Precisamos deixar de questionar o motivo de não ter acontecido. Aceitar não é fácil, mas é um caminho. Reviver mentalmente o que passou é outro. Por vezes até seja difícil saber com o que ou quem contar; Além de nós, alguns poucos.

Somos os muitos que sofrem além do necessário, que não conseguem abandonar fácil um sentimento. Pensamos que nos falta justamente aquilo que perdemos, demoramos a largar a sensação de um toque, de um beijo, de um amor…

Talvez devamos pensar que “Não há nada fora de você que poderá te permitir ficar melhor, mais forte, mais rico, mais rápido ou mais inteligente. Tudo está dentro de você. Tudo existe. Não busque nada fora de si mesmo.” (Isso é Miyamoto Musashi, galera); E mesmo assim, seria difícil. A resposta está dentro, mas não é possível dizer porque aquilo vindo de fora faz tanta falta.

O sentimento de estar incompleto é o que nos toma conta, é o que nos faz, mesmo sabendo a resposta, buscar o que uma vez nos fez tão bem. Insistir, insistir e insistir…. Sentir a dor tão vividamente que parece que apenas o oposto dela pode te tirar desse estado em que você mesmo se colocou. Por mais que tenha perdido a vontade de comer, passado a dormir pouco, se afundado em algo que não te faz bem mas dá um mínimo de conforto. Dá pra sair dessa.

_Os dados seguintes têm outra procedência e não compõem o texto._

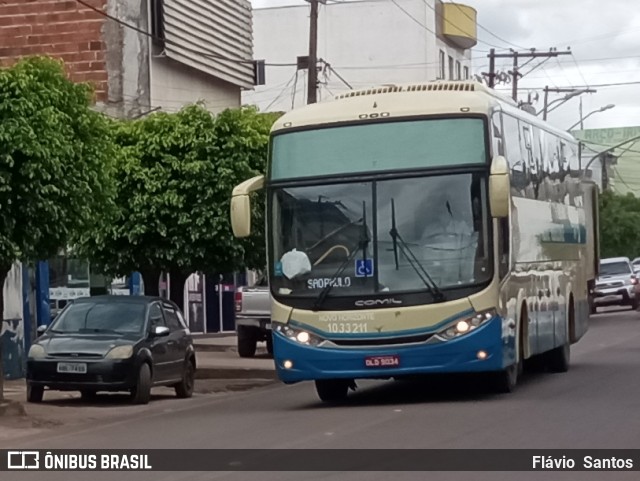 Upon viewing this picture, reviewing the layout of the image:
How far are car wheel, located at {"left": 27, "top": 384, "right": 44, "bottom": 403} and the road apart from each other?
172cm

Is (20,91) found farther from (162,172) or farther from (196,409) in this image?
(162,172)

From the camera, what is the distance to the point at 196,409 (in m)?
19.3

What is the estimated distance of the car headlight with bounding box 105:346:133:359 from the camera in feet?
63.9

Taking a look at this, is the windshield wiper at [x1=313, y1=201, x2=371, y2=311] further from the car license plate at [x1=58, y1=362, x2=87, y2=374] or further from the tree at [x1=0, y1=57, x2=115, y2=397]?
the car license plate at [x1=58, y1=362, x2=87, y2=374]

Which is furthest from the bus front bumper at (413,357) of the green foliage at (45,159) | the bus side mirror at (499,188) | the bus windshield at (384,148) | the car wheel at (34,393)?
the car wheel at (34,393)

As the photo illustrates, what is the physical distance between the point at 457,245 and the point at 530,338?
10.0ft

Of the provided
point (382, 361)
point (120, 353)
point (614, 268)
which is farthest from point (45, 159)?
point (614, 268)

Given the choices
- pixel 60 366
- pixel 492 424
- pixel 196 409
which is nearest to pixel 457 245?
pixel 492 424

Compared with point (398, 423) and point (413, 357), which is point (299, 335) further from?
point (398, 423)

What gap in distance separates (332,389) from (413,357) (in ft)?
7.75

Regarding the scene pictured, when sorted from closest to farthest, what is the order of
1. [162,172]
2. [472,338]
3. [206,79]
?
[472,338] → [162,172] → [206,79]

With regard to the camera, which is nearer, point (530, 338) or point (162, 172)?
point (530, 338)

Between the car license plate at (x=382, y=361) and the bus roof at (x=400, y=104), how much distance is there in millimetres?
2936

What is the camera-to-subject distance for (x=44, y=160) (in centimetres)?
1697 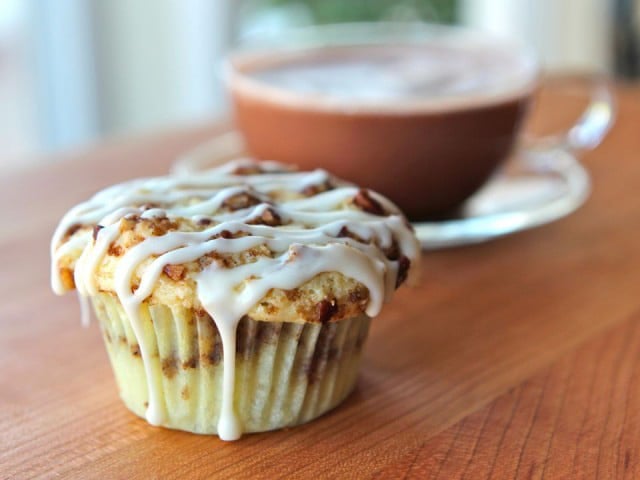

Você acredita em carma? Talvez devesse parar. Coisas boas acontecem com quem faz coisas ruins e coisas ruins com pessoas boas. Ás vezes tudo que podemos fazer é entender que toda a situação se resume a um ‘Pessoa certa, hora errada’. E não há nada que se possa fazer. Só aceitar as coisas como elas são.

E talvez ainda isso seja um apelo para mim, não uma mensagem para você, que se sente assim como eu. Ou para você, a quem desejo muita felicidade, mas que entenda o que ficou.

Por fim, vamos nos permitir sentir o amor e a dor, nem que precisemos insistir na dor até que se torne insuportável, mas nunca deixar de dar uma chance para o amor, que é a melhor coisa que nós somos capazes de fazer. #TedMosby

Por isso, não pare de viver, por favor.